Pendanaan untuk percepatan peningkatan penggunaan produk dalam negeri dan produk usaha mikro, usaha kecil, dan koperasi dalam rangka menyukseskan Gerakan Nasional Bangga Buatan Indonesia pada pelaksanaan Pengadaan Barang/Jasa Pemerintah dibebankan pada Anggaran Pendapatan dan Belanja Negara, Anggaran Pendapatan dan Belanja Daerah, dan/atau sumber lain yang sah dan tidak mengikat sesuai dengan ketentuan peraturan perundang-undangan.

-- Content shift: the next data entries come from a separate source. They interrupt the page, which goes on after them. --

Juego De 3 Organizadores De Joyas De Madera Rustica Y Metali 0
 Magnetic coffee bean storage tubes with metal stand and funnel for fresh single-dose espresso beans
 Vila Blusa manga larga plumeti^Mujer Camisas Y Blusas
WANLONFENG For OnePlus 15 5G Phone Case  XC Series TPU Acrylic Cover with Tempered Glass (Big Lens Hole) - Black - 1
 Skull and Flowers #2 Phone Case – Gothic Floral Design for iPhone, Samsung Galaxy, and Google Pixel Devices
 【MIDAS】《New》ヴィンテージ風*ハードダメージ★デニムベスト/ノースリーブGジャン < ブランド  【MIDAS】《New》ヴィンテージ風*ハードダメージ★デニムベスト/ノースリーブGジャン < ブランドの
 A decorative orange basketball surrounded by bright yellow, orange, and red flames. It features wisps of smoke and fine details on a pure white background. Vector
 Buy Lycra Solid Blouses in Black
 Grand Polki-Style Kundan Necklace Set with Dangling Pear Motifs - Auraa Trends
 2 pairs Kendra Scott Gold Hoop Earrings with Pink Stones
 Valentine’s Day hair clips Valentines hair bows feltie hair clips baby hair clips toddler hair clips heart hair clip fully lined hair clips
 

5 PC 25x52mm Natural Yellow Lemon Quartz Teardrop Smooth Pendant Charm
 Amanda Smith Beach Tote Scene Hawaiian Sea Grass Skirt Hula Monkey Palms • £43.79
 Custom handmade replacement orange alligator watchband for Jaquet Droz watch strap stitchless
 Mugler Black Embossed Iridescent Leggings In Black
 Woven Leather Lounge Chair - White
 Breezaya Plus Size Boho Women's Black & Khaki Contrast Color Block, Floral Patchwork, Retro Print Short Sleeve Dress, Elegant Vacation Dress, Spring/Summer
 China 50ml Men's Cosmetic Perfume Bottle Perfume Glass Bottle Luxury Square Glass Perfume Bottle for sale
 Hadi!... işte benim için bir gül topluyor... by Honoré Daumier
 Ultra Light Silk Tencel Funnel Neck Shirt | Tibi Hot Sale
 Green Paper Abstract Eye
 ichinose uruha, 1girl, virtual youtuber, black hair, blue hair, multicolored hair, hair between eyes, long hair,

Instruksi ke Jaksa Agung-Kapolri
Jokowi pun memberikan instruksi khusus kepada Jaksa Agung ST Burhanuddin dan Kapolri Jenderal Listyo Sigit Prabowo terkait penggunaan produk dalam negeri. Ada perintah terkait pendampingan hukum jika terdapat masalah dalam penggunaan produk dalam negeri. Berikut ini instruksinya:
15. Jaksa Agung Republik Indonesia untuk:
a. melakukan pendampingan hukum pada Kementerian/Lembaga dan Pemerintah Daerah dalam hal terdapat permasalahan dalam pelaksanaan penggunaan produk dalam negeri; dan
b. memerintahkan Jaksa Pengacara Negara untuk melakukan langkah hukum yang diperlukan terhadap pelanggaran Pelaku Usaha atas ketentuan mengenai produk dalam negeri.
16. Kepala Kepolisian Negara Republik Indonesia untuk:
a. memberikan pelayanan dan perlindungan kepada Kementerian/Lembaga dan Pemerintah Daerah yang membutuhkan peran Kepolisian Negara Republik Indonesia dalam mendukung program penggunaan produk dalam negeri; dan
b. melaksanakan koordinasi dengan instansi terkait dan Aparat Pengawasan Intern Pemerintah (APIP) dalam mendukung kegiatan pengawasan program penggunaan produk dalam negeri.